OpenACC pointer across multiple parallel regions with multicore

A common pattern in a code I’m working on adding OpenACC directives to involves fetching a pointer to a block in memory inside of loops over blocks. When I have multiple parallel regions it seems that I’m creating a race condition in the pointer assignment between them. My understanding is that parallel regions execute sequentially so I am a bit confused as to what is happening. I have a simple reproducer:

program testPointer
   implicit none
   real, allocatable, dimension(:,:,:,:,:), target  :: unk
   real, pointer, dimension(:,:,:,:) :: dataPtr, dataPtr2
   integer, parameter :: nBlocks=100, nvar=12, nxb=16, nyb=16, nzb=1
   integer :: lb

   allocate(unk(nvar,nxb,nyb,nzb,nBlocks))
   !$acc parallel loop private(dataPtr)
   do lb = 1, nBlocks
      dataPtr  => unk(:,:,:,:,lb)
      if (lb == 50) print *, 'dataPtr 1', loc(dataPtr), loc(unk(:,:,:,:,50))
      nullify(dataPtr)
   enddo

   !$acc parallel loop private(dataPtr, dataPtr2)
   do lb = 1, nBlocks
      dataPtr  => unk(:,:,:,:,lb)
      if (lb == 50) print *, 'dataPtr 2', loc(dataPtr), loc(unk(:,:,:,:,50))
      nullify(dataPtr)

      dataPtr2 => unk(:,:,:,:,lb)
      if (lb == 50) print *, 'dataPtr2 ', loc(dataPtr2), loc(unk(:,:,:,:,50))
      nullify(dataPtr2)
   enddo
   if (allocated(unk)) deallocate(unk)
end program testPointer

So far I’ve only tested on multicore

nvfortran -acc=multicore test.f90
export ACC_NUM_CORES=4 
dataPtr 1          139849942941728          139849942941728
dataPtr 2          139849942585376          139849942941728
dataPtr2           139849942941728          139849942941728

I would expect the printed addresses to all be the same and they are if I remove the directive from one of the loops. Is there something that I’m not understanding about how dataPtr should behave between these two parallel regions?

Thanks!

Hi adam.c.reyes,

I just investigated your code and I think you’ve identified a real bug with the “-acc=multicore” flag in this situation - I reported it to our internal engineering team and we’ll refer to it now as TPR #35364.

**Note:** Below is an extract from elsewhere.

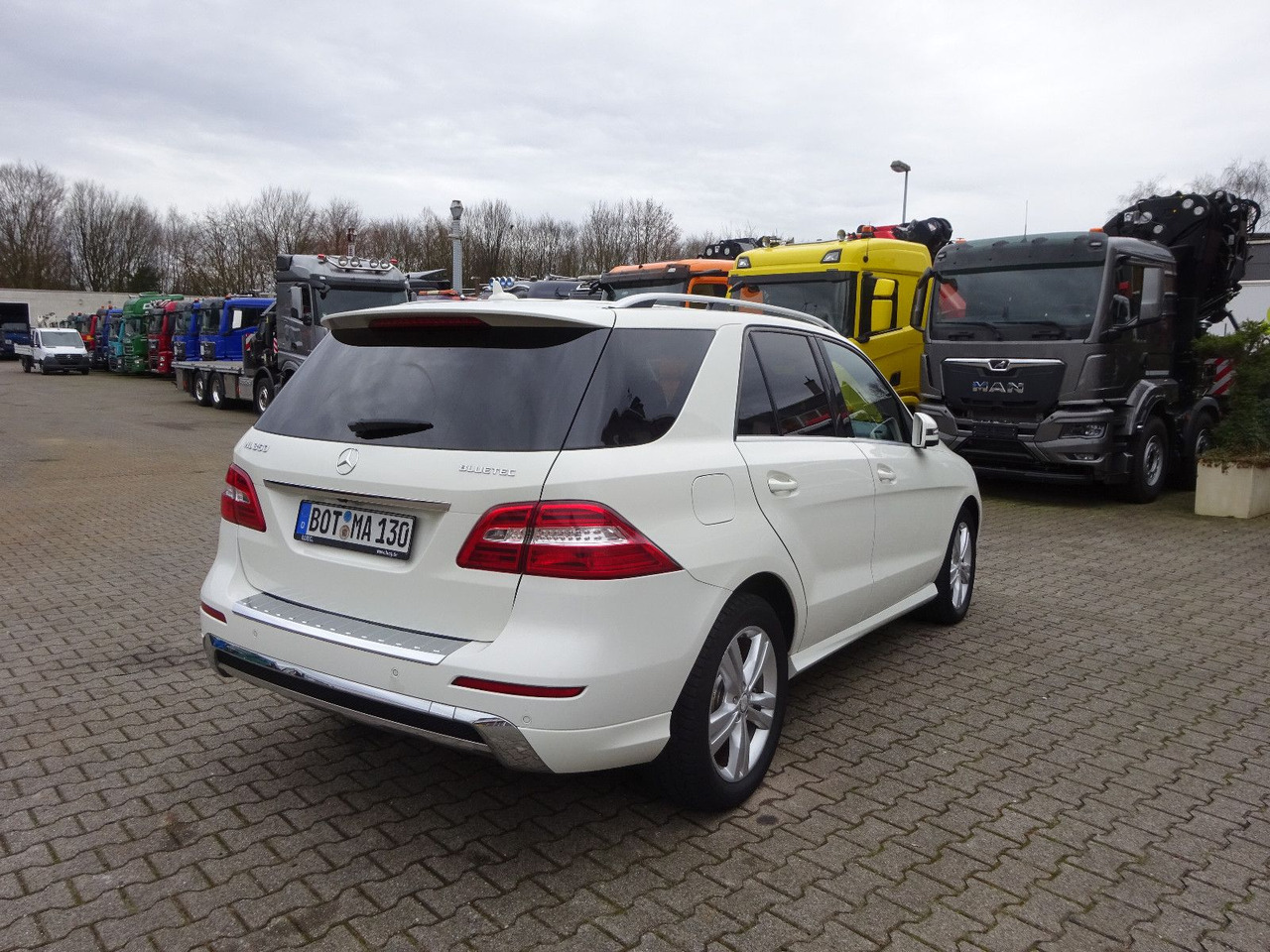 Mercedes-Benz ML 350 CDI BlueTec Mercedes-Benz ML 350 CDI BlueTec. AMG Paket - SUV: photos 5 Mercedes-Benz ML 350 CDI BlueTec Mercedes-Benz ML 350 CDI BlueTec. AMG Paket - SUV: photos 5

Interestingly, from playing with it - it actually only occurs when compiling with “-acc=multicore”. If I compile with “-acc=gpu”, then I get the expected results.

After engineering looks at it, I’ll get back to you with it either being fixed or identifying where we both misunderstood something in the situation.

Cheers,

Seth.

1 Like